The House Labor and Industrial Relations Committee voted 8-5 against sending the Senate-passed measure to the House floor.
Louisiana now ranks 49th in the U.S. when it comes to employees receiving the same pay for the same work regardless of sex.
Proponents said statistics show women in Louisiana make 66 cents compared to a dollar that men make.
A Louisiana Equal Pay for Women Act was adopted in 2013. But its reach was limited to state government employees.
Senate Bill 219 would have expanded equal pay protection to local government as well as private businesses with 50 or more employees.
The Louisiana Senate approved the equal pay measure sponsored by Sen. Ed Murray on a 21-6 vote earlier in the session.
Republicans joined with Democrats to provide the Senate victory. But in the House committee, the vote came along party lines, with Republicans aligning with the state’s chief business lobby in defeating the bill.
The committee killed an equal pay for women measure earlier in the legislative session, so Thursday’s vote did not come as a surprise.
The Louisiana Association of Business and Industry and other opponents argued that laws already on the books at the state and federal level address the equal pay issue.
“There are multiple remedies,” said Rep. Chris Broadwater, R-Hammond. But people aren’t filing complaints seeking redress today.
“If people aren’t filing complaints, how does this solve the problem?” he asked.
Murray said the state law only applies to state government employees.

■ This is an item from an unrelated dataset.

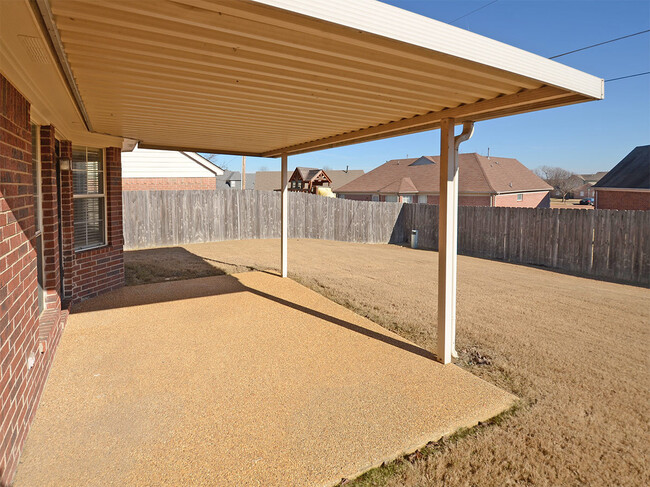 Building Photo - 3 bed, 2 bath near Hacks Cross and Shelby Dr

“What is lacking is the proper enforcement mechanism this bill puts in place,” said Murray, D-New Orleans. The aggrieved party would get access to records to press her case of wage disparity.
“There’s nothing on the books that addresses the 66-cent pay gap between men and women,” said Rep. Patricia Smith, D-Baton Rouge.
The legislation spells out procedures for filing a complaint with the Louisiana Human Rights Commission. Upon a commission finding, the employee or employer can file a lawsuit in state district court to challenge any determination. If the court finds a violation, the employee would be able to recover lost wages as well as damages up to the amount of the lost wages.
Louisiana is the worst state for women and children in the United States, said Kim Sport, chairwoman of the public policy committee of the United Way of Southeast Louisiana.
“Pay equity will put dollars in the pockets of women and achieve quality of life not available to them,” Sport said, adding that equal pay will “take the pressure off of government” to provide services for those who can’t afford it on their own.
“One way or another, you (taxpayers) are going to be paying for this wage disparity,” she said.